As everything was wet outside in the morning I harvested our second large courgette and used it to make a cheese and courgette loaf and two chocolate and courgette cakes. For once I happened to have all the right ingredients, even golden castor sugar and virgin olive oil. The only substitution was broken walnut pieces instead of chopped toasted hazel nuts. Oh and I added some grated  parmesan to the loaf simply because I have a chunk sitting in the fridge. I had a slice of the cheesy loaf with extra butter earlier and it was delicious. And for the sake of the blog I've just had a small slice of the cake which even without the chocolate ganache called for by the recipe is also very tasty. The larger cake can go in the freezer and I'll probably take the smaller one to share with our fellow Vikings at the carnival.

Although we didn't have the usual seagulls' nest to watch this year this past week two fledglings have been 'parked' next-door. They can fly and the older more confident one is often on the ridge of the house but home seems to be the garage roof. They are still dependent on the adults for food and spend a lot of time calling for food with their high pitched peeping.
The nest is usually on the flat roof behind the metal chimney pipe but this year in the spring the chimney stack was taken down and rebuilt to a lower height. I watched the builders working very carefully with spirit levels as they laid the bricks and they did a grand job but judging by the mess someone slapdash must have been sent to put the slab on the top. 
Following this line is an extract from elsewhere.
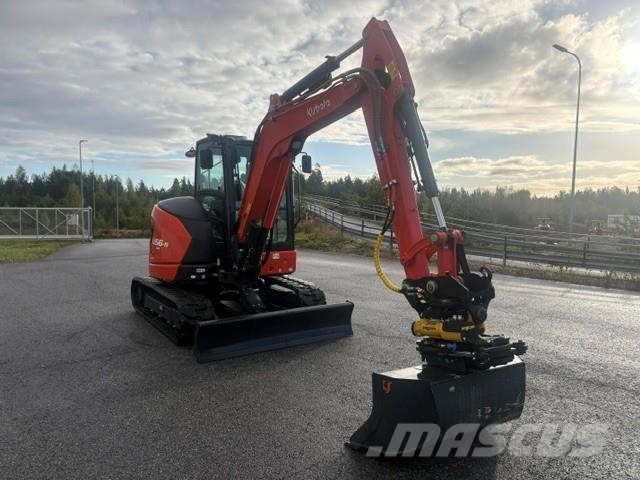 Kubota U56-5 ENGCON PIHDEILLÄ Miniescavatori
In the afternoon I made a start on cutting the hedges. I used the normal trimmer to go over the hedge at the side of the terrace and then took the extra long trimmer down to do the hedge at the bottom of the garden. I'm still not getting on with it, even carrying it down the garden felt like too much. My neighbour wants to come out next time to see if he can show me a better way to work with it but I really feel it is too heavy and unwieldy for me. I think I'll let him show Peter how to use it. If Peter can cut the hedge I'm happy to supervise (he cut great chunks out of the hedge with the trimmer the last time I let him cut the hedge) and sweep up.
Cutting the hedge with two trimmers and the secateurs plus a morning of baking and a bad night has worn me right out and I've decided not to go to choir. I need to spend the evening flopped on the sofa. 

1 comment:

MELODY JACOB said...

Wow, what a day with the builder and the postman. It's so clever how you used the courgette for both sweet and savory treats; that cheese and courgette loaf sounds super yummy. It's too bad about the seagulls not nesting in their usual spot this year, but it is nice that their fledglings are close by.